La información que emana de las cárceles salvadoreñas, donde más de 400 personas habrían muerto debido a negligencia, violencia e incluso tortura desde el inicio del estado de excepción, es para muchos un “daño colateral” de la lucha contra las pandillas. De igual forma, el 29 de octubre más de 100 jóvenes (principalmente hombres y negros) fueron asesinados en Río de Janeiro, en el marco de un operativo policial que buscaba personas con órdenes de detención pendiente. Todo parece indicar que fue una acción política diseñada más que un enfrentamiento armado. Muchos encontraron, sin embargo, que eran “las consecuencias de la vida en el delito”. No olvidemos que anualmente más de seis mil personas mueren en manos de la policía en Brasil (en su mayoría hombres, jóvenes, negros y pobres).

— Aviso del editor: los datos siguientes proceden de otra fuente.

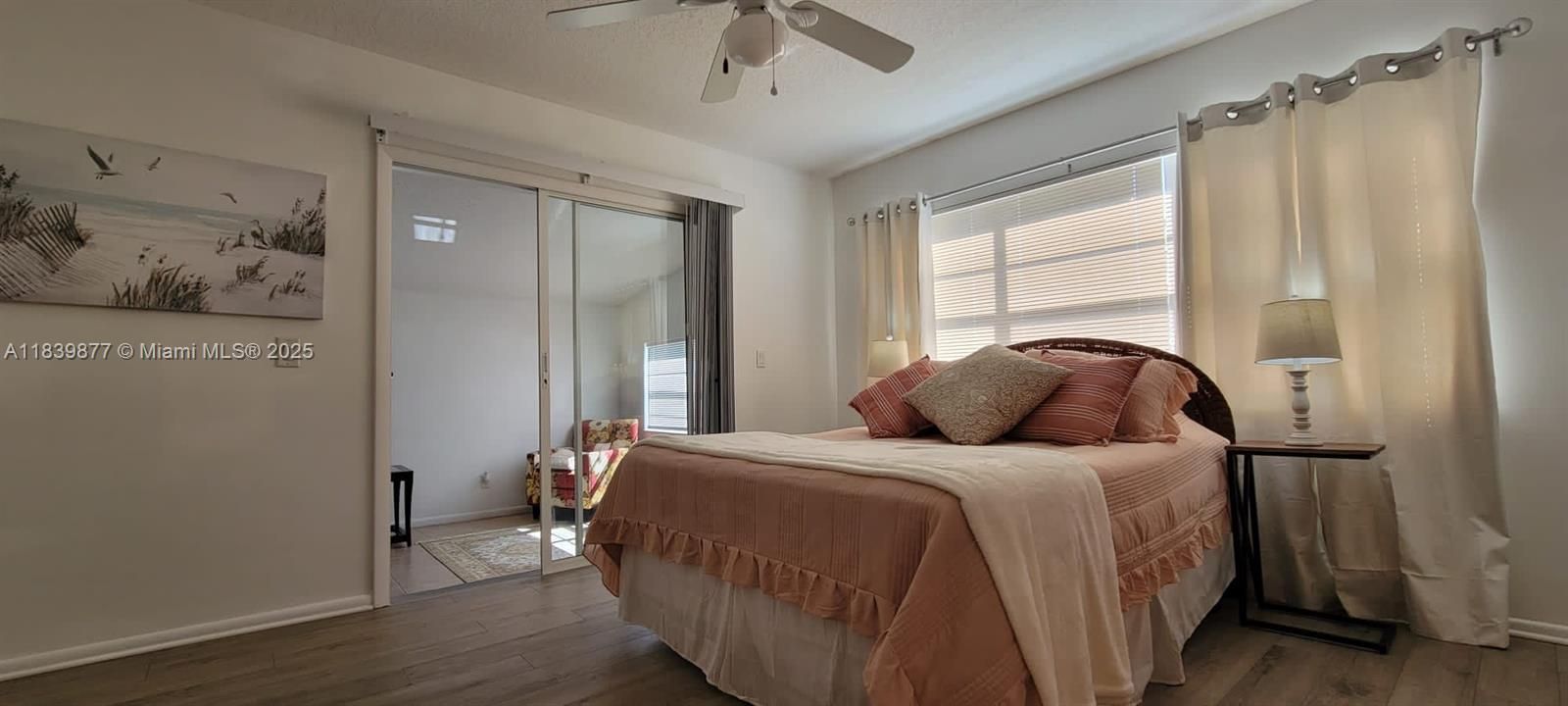 En Renta: $3,200 (3 camas, 2 baños, 2464 Pies cuadrados)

El terror que generan los diversos grupos criminales presentes en las zonas más pobres y abandonadas por el Estado de las ciudades latinoamericanas es cotidiano. Frente al control territorial, la presencia de violencia letal, el enfrentamiento entre bandas, el masivo cobro de extorsiones y la constante percepción de amenaza, no parece haber solución alguna. Tal vez las iniciales respuestas de apoyo de buena parte de los salvadoreños y ahora de brasileños (incluso habitantes de favelas) respondan a esta frustración cotidiana de abandono, carencia de autoridades, corrupción e ineficiencia. El mal se justifica.

Seamos claros, estos ejemplos muestran acciones que no deberían ser justificadas y en muchos casos pueden ser incluso ilegales. Pero frente al miedo o a la percepción de amenaza, logramos justificar todo tipo de actos que consideramos no podrían tenernos como sus víctimas. Porque rápidamente colocamos a todos estos jóvenes en una categoría donde los derechos humanos e incluso el Estado de Derecho pierden importancia. La banalidad y normalización del mal.

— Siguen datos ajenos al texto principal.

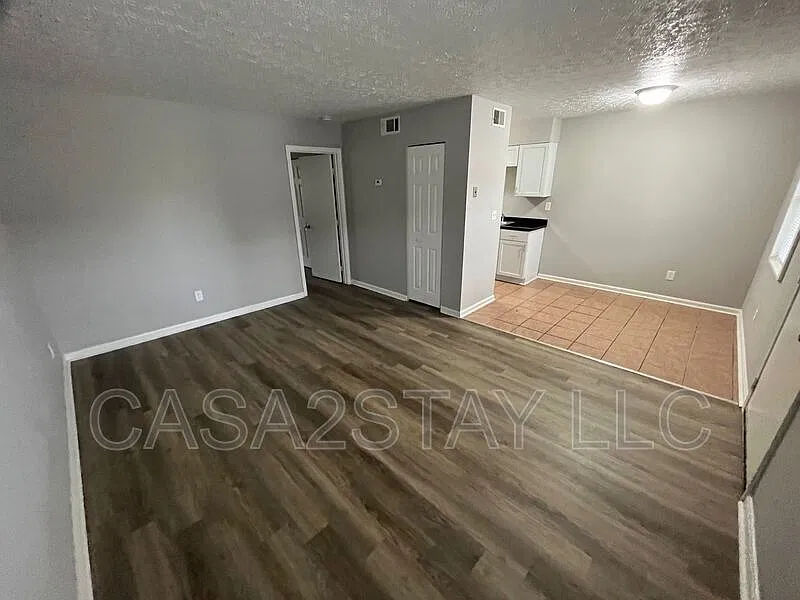 Patton Arms Apartments — Photo 2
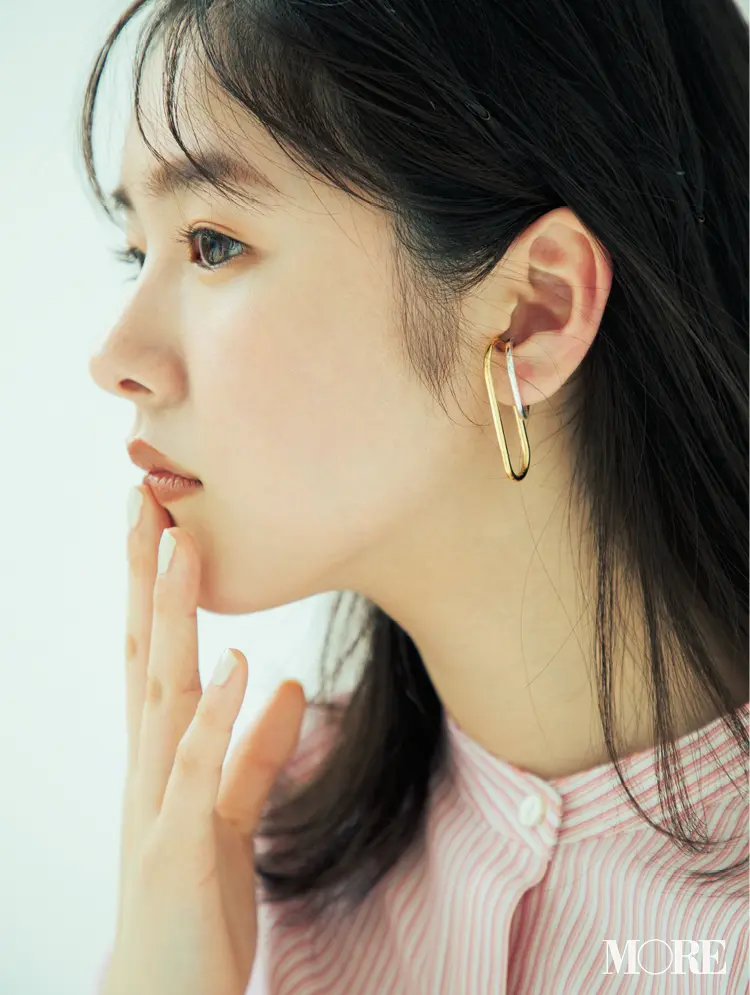シャツが見違える10の"ちょい足し"テク♡ 「何を着るか」の次は「どう着るか」だ!!記事Photo Gallery_1_10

La política tiene una gran responsabilidad. Reconocer la importancia del poder ilegal y enfrentarlo, la construcción de medidas que efectivamente protejan a las personas y castiguen a los criminales, el compromiso por una presencia efectiva del Estado y sus políticas públicas para enfrentar el abandono, la precariedad y la violencia. Esto en el marco del respeto de los derechos de todos y del reconocimiento que incluso los criminales más abominables tienen que pasar por la justicia.

El discurso electoral aguanta cualquier cuña. Cuando justificamos la violencia, el maltrato, la segregación, la discriminación y el abandono de algunos como políticas efectivas, no nos sorprendamos de que ante la frustración por su esperado bajo desempeño muchos se pregunten si terminar con la política democrática no sea otro daño colateral para contemplar. La irresponsabilidad tiene consecuencias.

Por Lucía Dammert, académica de la Universidad de Santiago de Chile.